On Slaying Giants and Other Happy Thoughts

Mr. H.G. Wells says, “Nothing endures, nothing is precise and certain… Being indeed! There is no being, but a universal becoming of individualities… there is no abiding thing in what we know…”

Now, when Mr. Wells says things like this, I speak with all respect when I say that he does not observe an evident mental distinction. It cannot be true that there is nothing abiding in what we know. For if that were so we should not know it at all and should not call it knowledge. Our mental state may be very different from that of somebody else some thousand of years back; but it cannot be entirely different, or else we should not be conscious of a difference.

Mr. Wells must surely see that the fact of two things being different implies that they are similar. The hare and the tortoise may differ in their quality of swiftness, but they must agree in the quality of motion. The swiftest hare cannot be swifter than an isosceles triangle or the idea of pinkness. When we say the hare moves faster, we say that the tortoise moves. And when we say of a thing that it moves, we say that there are things that do not move. And even in the act of saying that things change, we say that there is something unchangeable…

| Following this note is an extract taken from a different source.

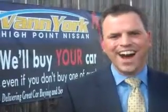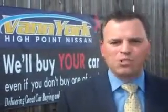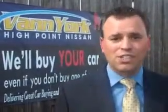Hi, this is Trey Powell, General Manager at Van York's High Point Nissan. Every used car we sell comes with a warranty, roadside assistance, and a Carfax guarantee.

Nietzsche summed up all that is interesting in the Superman idea when he said, “Man is a thing that has to be surpassed.” But the very word ‘surpass’ implies the existence of thing common to us and the thing surpassing us… mere force or size even is a standard; but that alone will never make men think a man their superior. Giants, as in the wise old fairy tales, are vermin. Supermen, if not good men, are vermin…

The old and correct story of Jack the Giant Killer is simply the whole story of man; if it were understood we should need no Bibles or histories. But the modern world does not understand it at all. The modern world, like Mr. Wells, is on the side of the giants; the safest place, and therefore the meanest and most prosaic. The modern world, when it praises its little Caesars, talks of being strong and brave... the strong cannot be brave. Only the weak can be brave; any yet again, in practice, only those who can be brave can be trusted, in time of doubt to be strong.

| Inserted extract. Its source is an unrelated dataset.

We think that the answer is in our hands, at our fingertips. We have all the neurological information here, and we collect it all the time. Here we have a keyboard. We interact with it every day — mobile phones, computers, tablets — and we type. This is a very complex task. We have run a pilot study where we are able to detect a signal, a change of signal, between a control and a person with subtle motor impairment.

Sympathy with the small and the defeated as such… is not a useless sentimentalism, as Mr. Wells and his friends fancy. It is the first law of practical courage. To be in the weakest camp is to be in the strongest school.
GK Chesterton, Heretics

Reflection – Another hard chapter to excerpt! I should mention that GKC spends the first half of the chapter lauding H.G. Wells to the skies for his imaginative breadth and capacious active intellect.
Wells had written a story, “The Food of the Gods”, which GKC called the story of Jack and the Beanstalk told from the perspective of the giant. It is this praise of the strong and the big against the weak and the powerless that is the issue here. The other word for it is fascism, that much-abused word that now means little more than ‘I don’t like you much!’

Pity, since it’s really one of the most important words of our time, something I have written about more than once on this blog, something I consider to be one of the greatest perils facing us in North America. 
It is the worship of power and because it is worshipped, the ruthless seeking, getting, consolidating, centralizing, and utilizing of power to exercise and more and more total control over the lives of individuals.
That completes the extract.